The Korean government has formalized the rules for Korean portals including paid links in their search results:

Internet portal sites will be required to identify advertising links separately from information links on search engine results pages so as not to confuse consumers. The regulation is to come in a revision of the Act on Promotion of Utilization of Information and Communication Network and Data Protection announced by the Korea Communications Commission on Thursday.

Chang mentioned last month that Naver had modified their search results with a small “AD” button beside sponsored links.

Meanwhile, Korean portals continue to modify their websites to respond to concerns about malicious comments:

Daum Communications, the No. 2 Web portal, has also added changes to its Web site.

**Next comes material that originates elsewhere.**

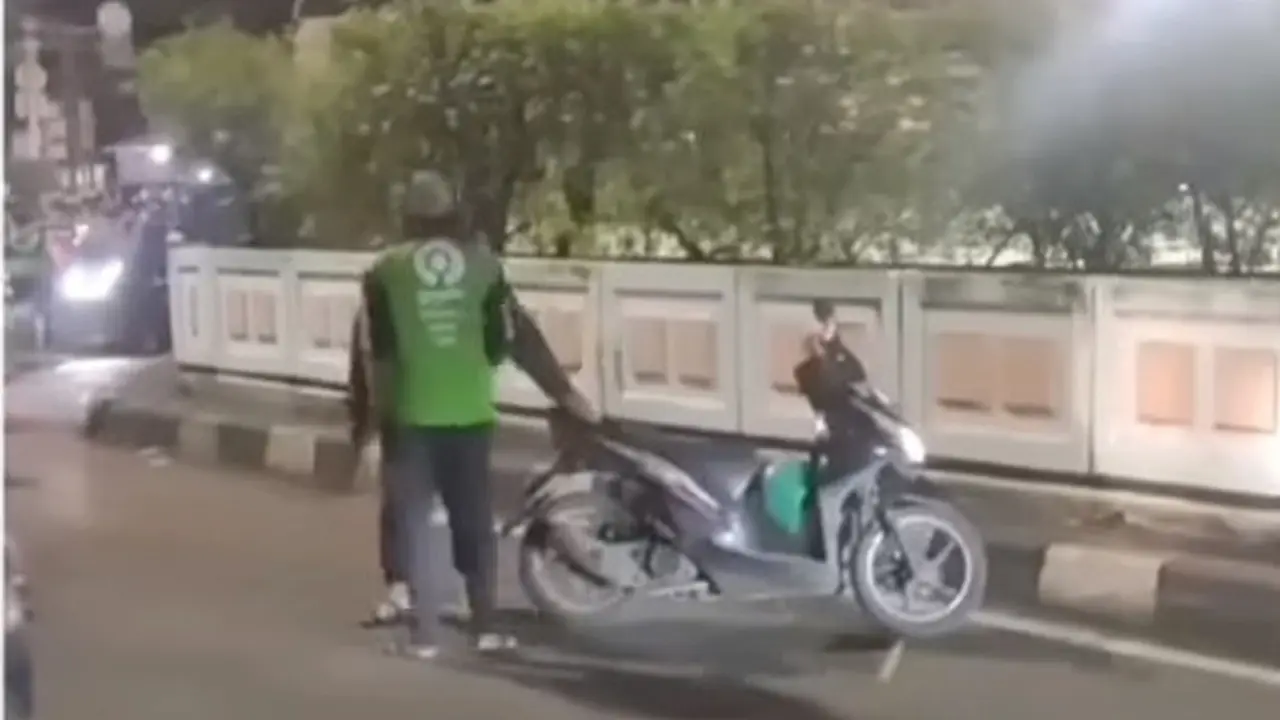 Tangkapan layar video viral ojol adu jotos di pinggir jalan Pasar Minggu, Jakarta Selatan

Comments were shown in their entirety in the past, but Daum users now have to click on a different box if they want to read other Web users’ comments.

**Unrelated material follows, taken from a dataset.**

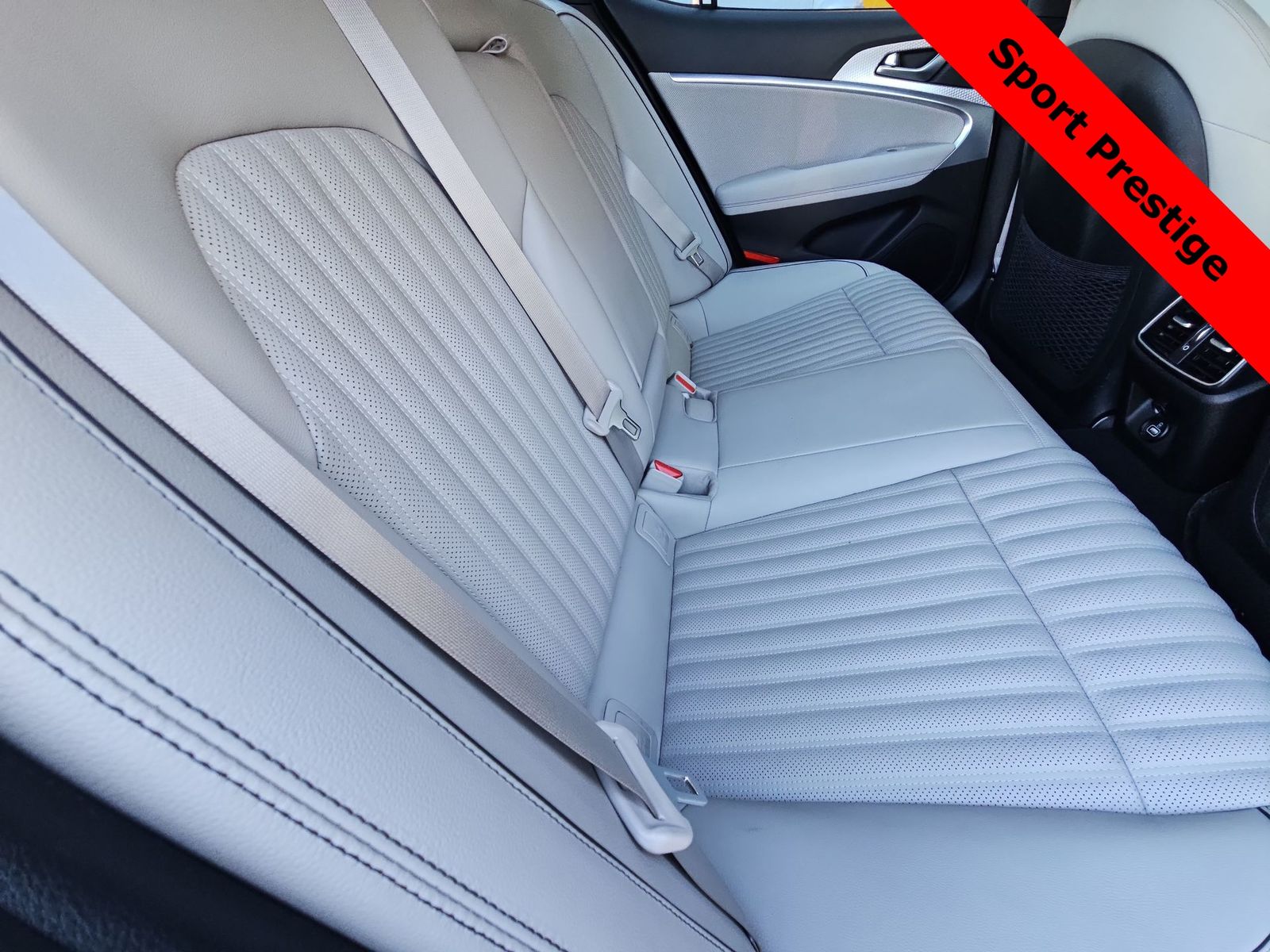 Thumbnail: 2023 Genesis G70 - 17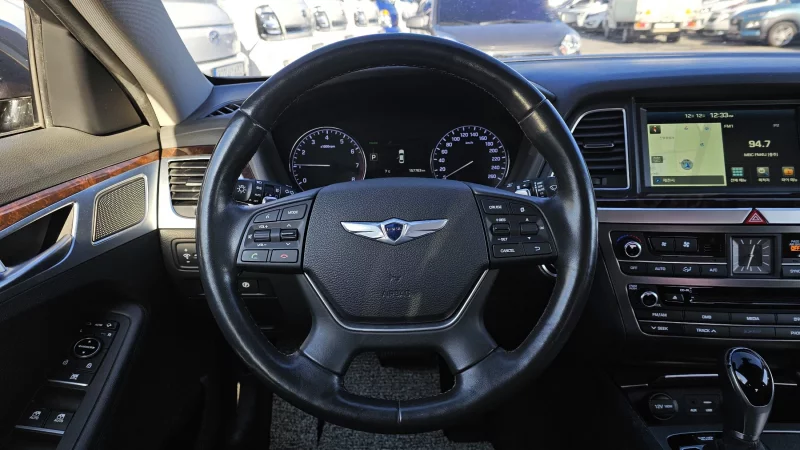 Hyundai Genesis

Daum also plans to develop a curriculum on Internet ethics education aimed at young students in conjunction with the Jeju Special Self-Governing Provincial Office of Education.

Daum and Paran have decided to join Google’s OpenSocial social network platform:

Industry watchers believe that Daum's commitment in Open Social could start discussions over the development of an open platform and common service standards for Korean social networking sites.

Paran will work with Google to develop tools and applications and said it plans to reveal an Open Social platform by the end of the year. The company also plans to open its current platforms for its social networking services to other companies and developers who could use them to create different applications.